What this North Star Metric can be will vary. For some products, it can be daily/weekly/monthly active users. It can be retention rates. It’s the one metric that you want to focus on above all others to deliver value to the customer.
Again, with so much data that you can collect, it’s easy to miss the forest for the trees. There’s a quote, like many, that are misattributed to Albert Einstein that says:
Not everything that counts can be counted, and not everything that can be counted counts.
Find your North Star Metric, find the ways to collect the data, and combine that with customer interviews and surveys to build the best possible product.
The benefit of using a data warehouse with a business intelligence tool is that your company has complete control over the data you collect, how you analyze it, and what you use it for. On the downside, running this option requires dedicated, knowledgeable employees. It can also be costly and take a long time to set up.
On the other hand, a cloud-based analytic tool frees companies from maintenance.

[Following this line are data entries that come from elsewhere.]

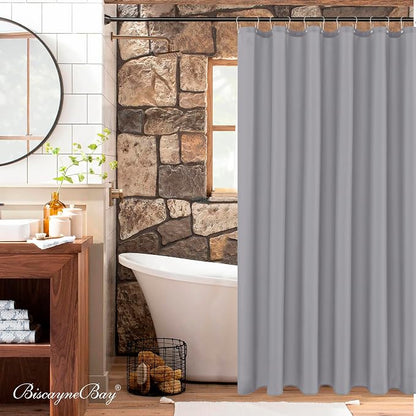 Fabric Shower Curtain Liner 72"Wx78"L-Silver Grey Extra Long Shower Liners | Hotel Quality Water Resistant Machine Washable Shower Liner-Cloth Polyester Light Weight High Ceilings Bathroom Curtain Liner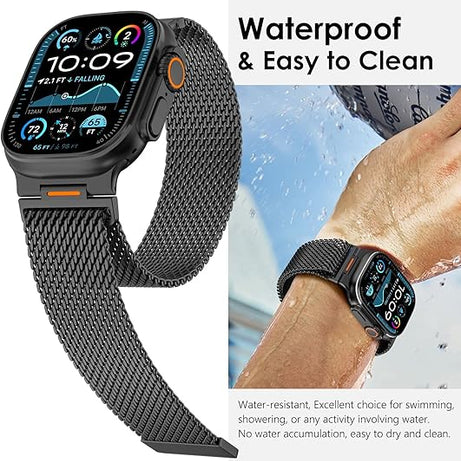 Black Luxury Strato Milanese Loop By Shopyholy Compatible For Apple Watch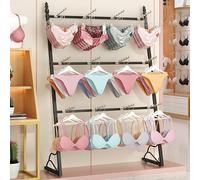 YANGLLYJ Presentoir à Sous-vêtements à 3 Niveaux, Porte Vetement Métallique Ajustable, Crochets Multiples pour Présenter des Produits Dans Les Magasins de Lingerie(Black,100cm/39in)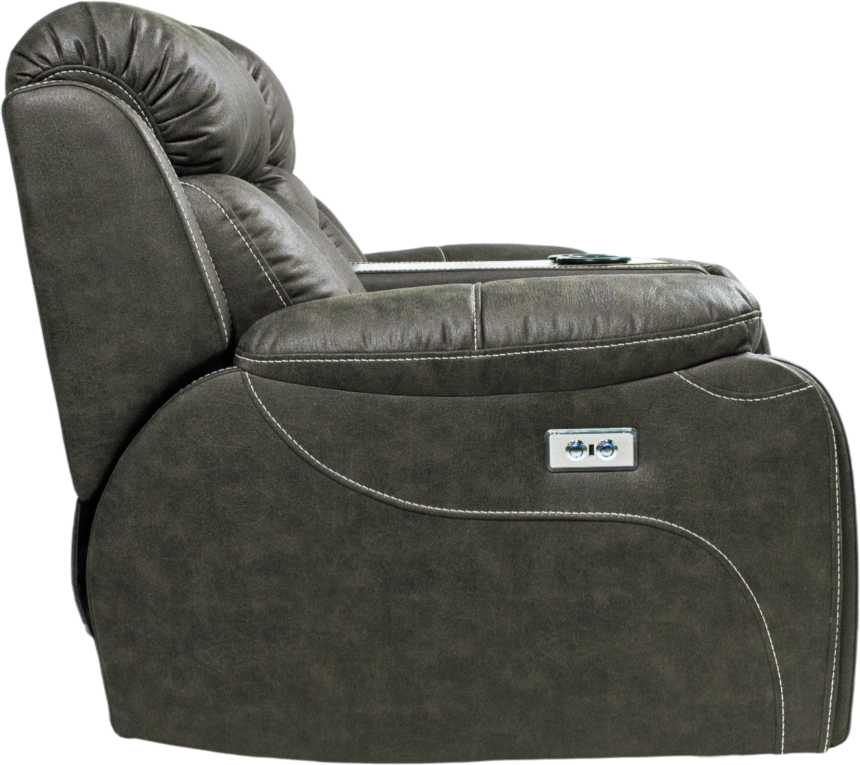 Диван прямой Азалия, электрореклайнер, двухместный, Стайл 04 / Эбен / Контрастная отстрочка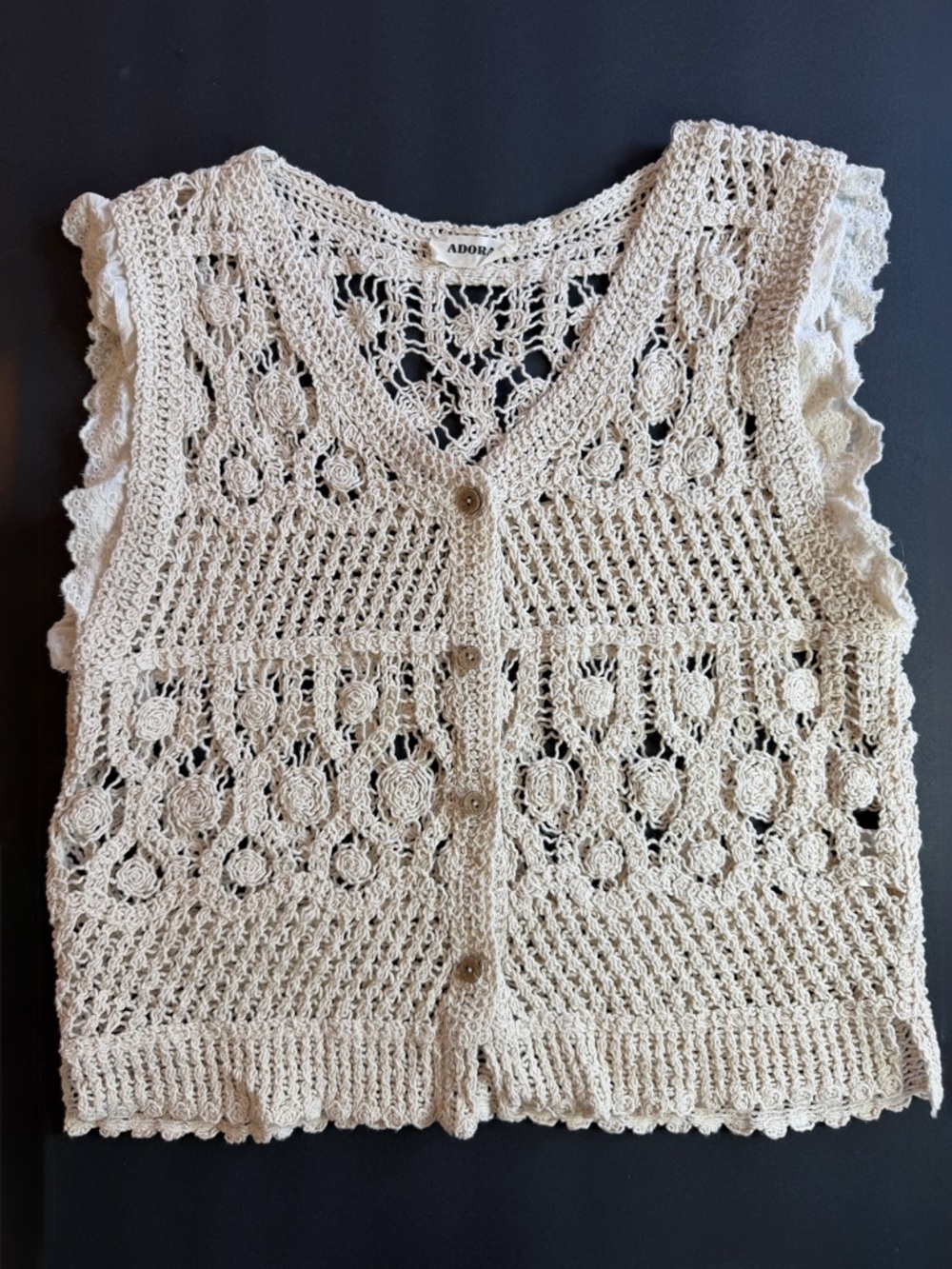 Adora Crochet Eyelet Ruffle Vest Cream Medium (OS) Cottagecore, Festival, Fairy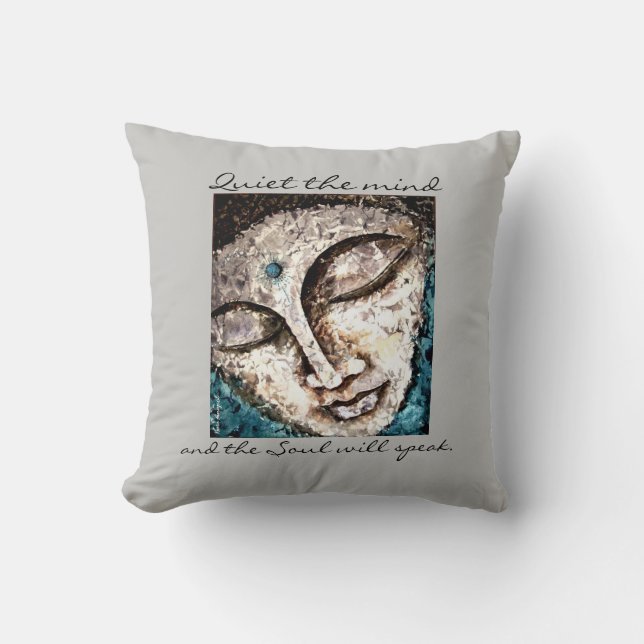 Meditation Zen Quote Buddha Art Throw Pillow (Front)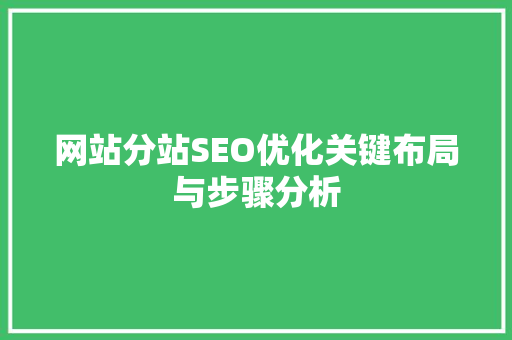 网站分站SEO优化关键布局与步骤分析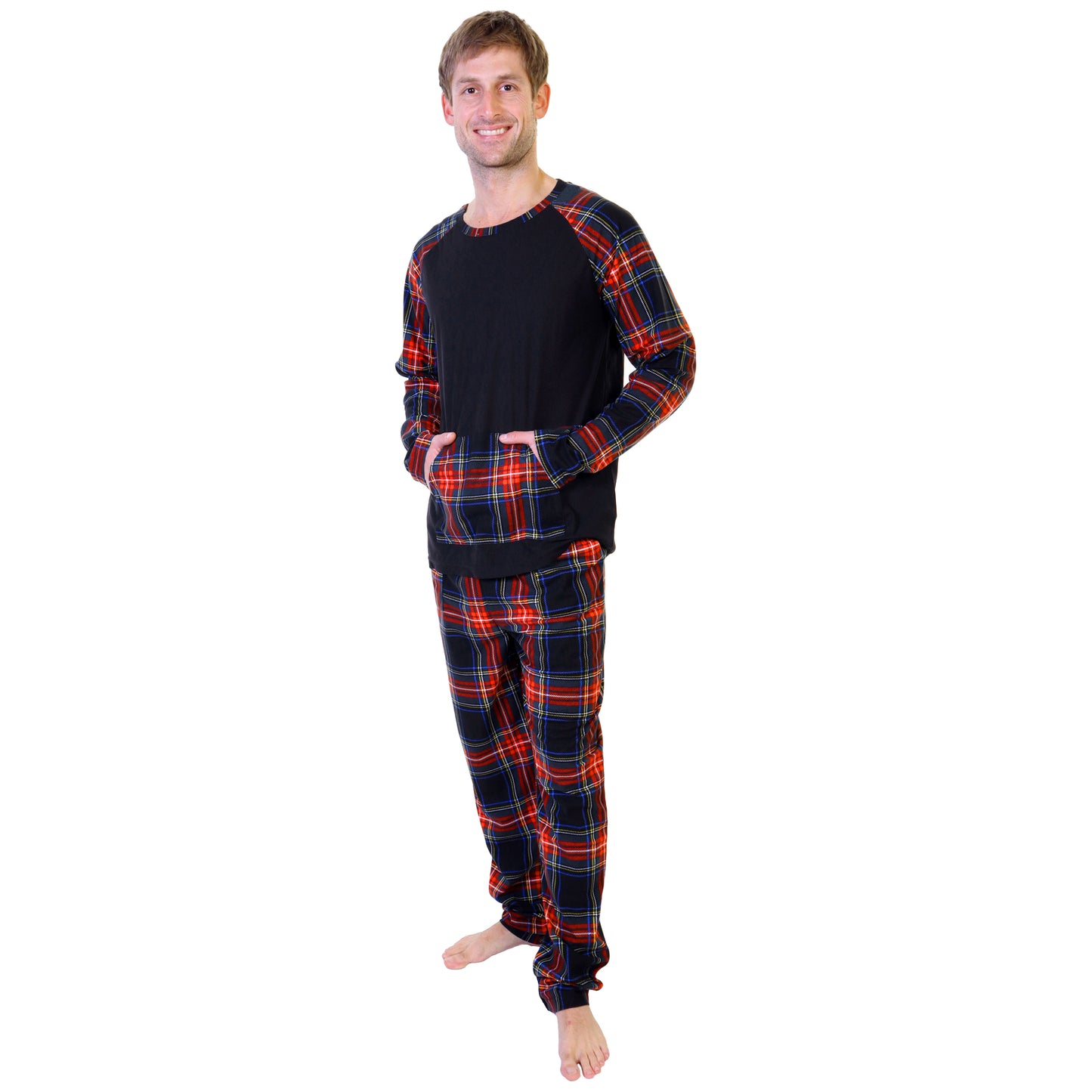 Flannel Kangaroo Pocket Raglan Shirt with Pajama Pants Set (1-Pack)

These tools can also be much more user friendly because they are designed to answer the metric-based questions you’ll be asking. The only thing to really take into consideration is the variety of analytic tools available.
Many programs track usage metrics and display them as something usable, but they have different features. You’ll want to research which ones are the best for your needs before choosing one.
No matter what you’re selling, product usage analysis can help you optimize your efforts. It takes some time to learn the best ways to use your customers’ data, but doing so is well worth the investment.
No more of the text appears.